OFZ, a.s., Istebné
- Company type: Private company
- Industry: Metallurgy
- Founded: 1954 (Istebné, Slovakia)
- Headquarters: Istebné, Slovakia
- Products: ferroalloys, wires, construction materials
- Revenue: € 119 million (2014)
- Net income: € 2.3 million (2014)
- Number of employees: 453 (2014)
- Website: www.ofz.sk

= OFZ, a.s., Istebné =

OFZ, a.s., Istebné, headquartered in Istebné, in Orava region in Slovakia, is Slovakia’s largest ferroalloy manufacturer.
OFZ stands for Oravské Ferozliatinové Závody (Orava Ferroalloy Industries). Company is one of the most important Slovak companies producing base metal products. Among the main products of OFZ are ferrosilicon and ferromanganese ferroalloys, cored wires, and silicate construction materials derived from slag from the production of alloys.
In 2014, the company produced 91 thousand tons of ferroalloys as well as 9 thousand tons of cored wires. Sales added up to EUR 119 million and net income came to EUR 2.3 million.
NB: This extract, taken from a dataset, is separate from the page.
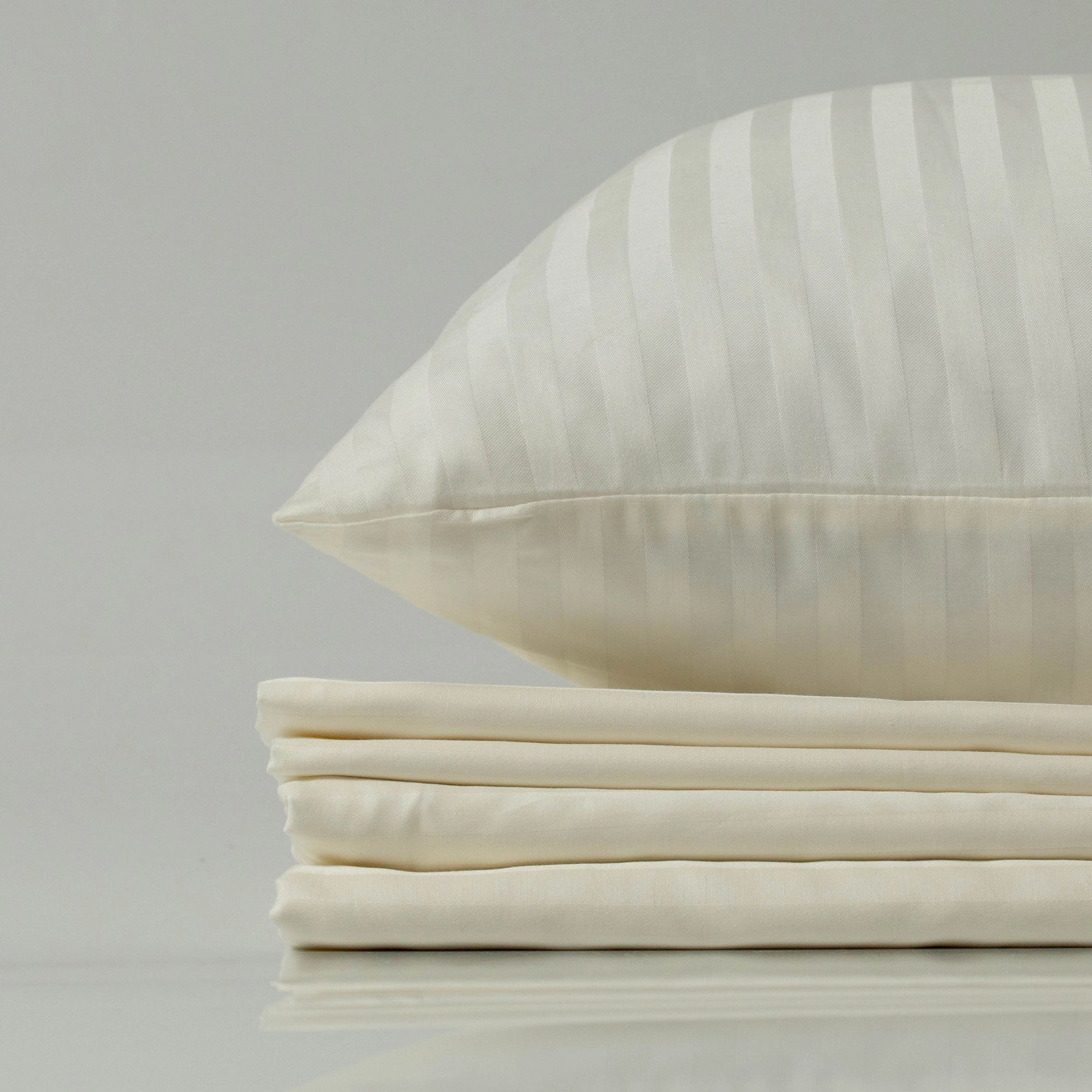 Комплект постільної білизни “Слонова Кістка” у ніжному кремовому відтінку, розкладений на ліжку.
Most of the products are exported to Central European countries.

== History ==

History of ferroalloy production in Orava region in Slovakia begins in 1952, when the company Kovohuty Istebné was founded, with main production programme being the production of ferroalloys in electric arc furnaces.

In 1954, new ferromanganese factory was opened in Istebné (part of Orava). After 1989, the company was privatised, eventually leading to its transformation to OFZ, a.s., Istebné.

The old factory in Istebné was closed in 2003, and all of the production capacities were moved to Široká.